Before we get to the details of CGH and its related results, a few caveats.

First, CGH is very much a theory result. The cryptographic “counterexample” schemes that trip this problem generally do not look like real cryptosystems that we would use in practice, although later authors have offered some more “realistic” variants. They are, in fact, designed to do very artificial things that no “real” scheme would ever do. This might lead readers to dismiss them on the grounds of artificiality.

The problem with this view is that looks aren’t a particularly scientific way to judge a scheme. Both “real looking” and “artificial” schemes are, if proven correct, valid cryptosystems. The point of these specific counterexamples is to do deliberately artificial things in order to highlight the problems with the ROM. But that does not mean that “realistic” looking schemes won’t do them.
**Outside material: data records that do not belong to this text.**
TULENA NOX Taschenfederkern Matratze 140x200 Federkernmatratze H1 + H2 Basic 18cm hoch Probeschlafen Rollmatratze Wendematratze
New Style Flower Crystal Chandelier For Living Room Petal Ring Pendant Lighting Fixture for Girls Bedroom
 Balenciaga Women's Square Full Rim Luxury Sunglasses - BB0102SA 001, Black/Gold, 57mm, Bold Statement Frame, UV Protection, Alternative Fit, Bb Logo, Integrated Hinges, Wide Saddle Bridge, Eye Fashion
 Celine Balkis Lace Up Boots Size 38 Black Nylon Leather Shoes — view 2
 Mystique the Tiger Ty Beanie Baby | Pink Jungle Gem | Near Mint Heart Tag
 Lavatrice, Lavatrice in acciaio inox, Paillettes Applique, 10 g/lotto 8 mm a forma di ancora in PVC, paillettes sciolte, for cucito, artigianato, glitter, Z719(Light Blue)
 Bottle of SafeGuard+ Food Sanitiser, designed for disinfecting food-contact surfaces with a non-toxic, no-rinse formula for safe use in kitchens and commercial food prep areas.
A further advantage of these “artificial” schemes is that they make the basic ideas relatively easy to explain. As a further note on this point: rather than explaining CGH itseld, I’m going to use a formulation of the same basic result that was proposed by Maurer, Renner and Holenstein (MRH).

A signature scheme

The basic idea of CGH-style counterexamples is to construct a “contrived” scheme that’s secure in the ROM, but totally blows up when we “instantiate” the hash function using any concrete function, meaning a function that has a real description and can be efficiently evaluated by the participants in the protocol.

While the CGH techniques can apply with lots of different types of cryptosystem, in this explanation, we’re going to start our example using a relatively simple type of system: a digital signature scheme.

You may recall from earlier episodes of this series that a normal signature scheme consists of three algorithms: key generation, signing, and verification. The key generation algorithm outputs a public and secret key. Signing uses the secret key to sign a message, and outputs a signature. Verification takes the resulting signature, the public key and the message, and determines whether the signature is valid: it outputs “True” if the signature checks out, and “False” otherwise.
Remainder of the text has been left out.